In The Kitchen: Baking Steel Pro
Over the past few years, I've been getting into pizza-making at home. I'd started years ago with the occasional homemade pizza on a pizza stone in the oven, and it was OK, but never seemed worth the effort.
Then a few years ago, my family got me an Ooni Fyra wood pellet oven for Christmas, which got me further into the process. We'd have periodic pizza parties with friends, and I'd churn out a dozen pizzas for the group. Inevitably, one or two would fail in the process (either charred because I got distracted during the cook, since you have to turn it every 30 seconds, or doughy because I fell behind feeding the wood pellets to keep the temperature up), but I basically planned for that and it was still pretty easy. I still wasn't great at shaping the pizzas, but nobody in attendance really cared.
But given I'm in Pennsylvania, the Fyra is good for about 6 months of the year. So this past Christmas I asked for a Baking Steel Pro to try and fill that gap. And I have to say, even though it weighs more than many gym weights, it more than performs when making pizza.

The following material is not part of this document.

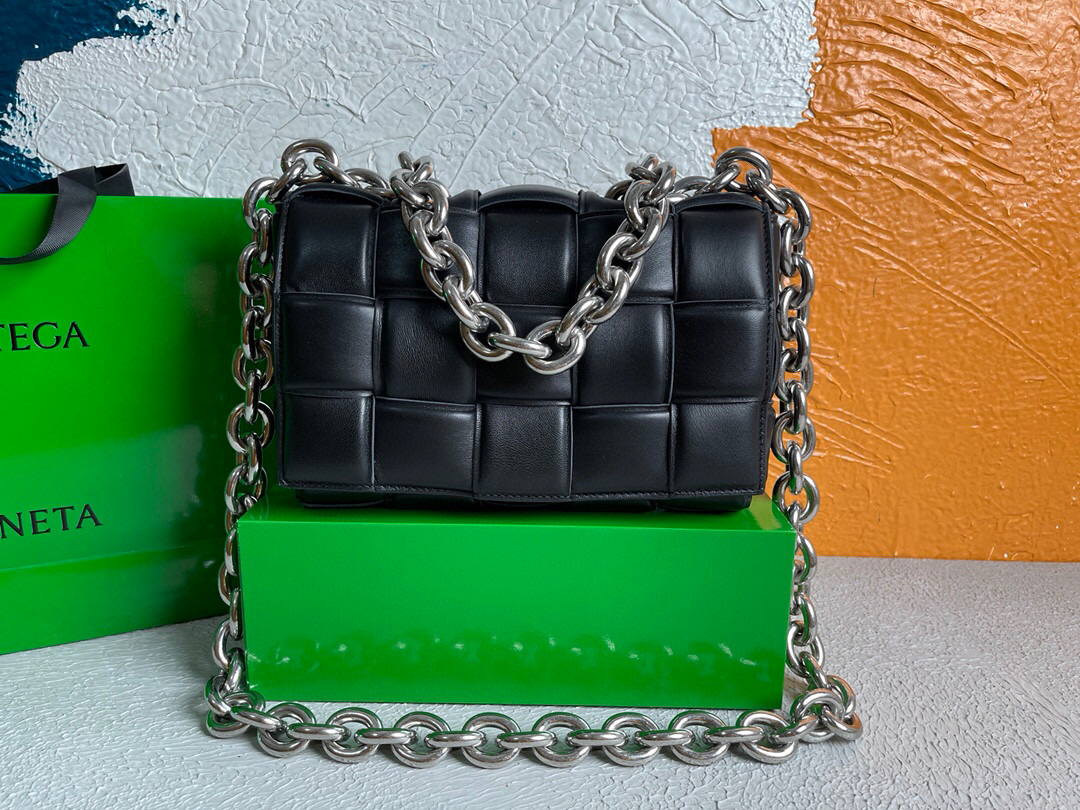 Bottega Veneta BV 20206 Chain Cassette 631421 Black Silver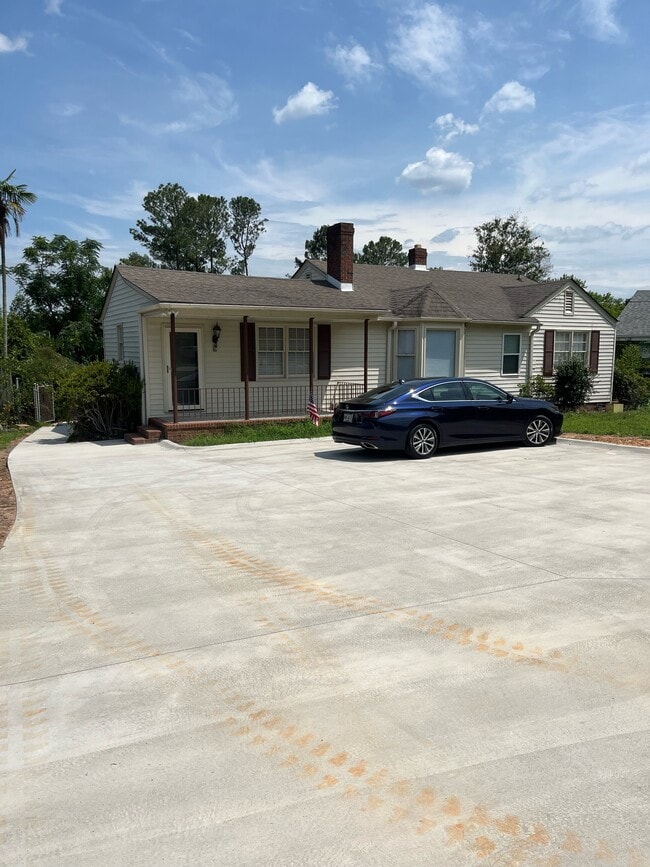 Photo - 208 E Vineland Rd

While the cook times are more in the 7-8 minute range, rather than the 2-3 in the Fyra, my results have been much more consistent, even in my old electric oven. Granted, I've used the opportunity to refine my dough recipes by making pizzas almost weekly in 2026, but it really creates a nice, well-cooked NY-style pizza, like the below for example:


Pepperoni Pizza, from above and below
If you enjoy making homemade pizza, and want an indoor option that isn't overly expensive and still produces outstanding results, I highly recommend picking one up.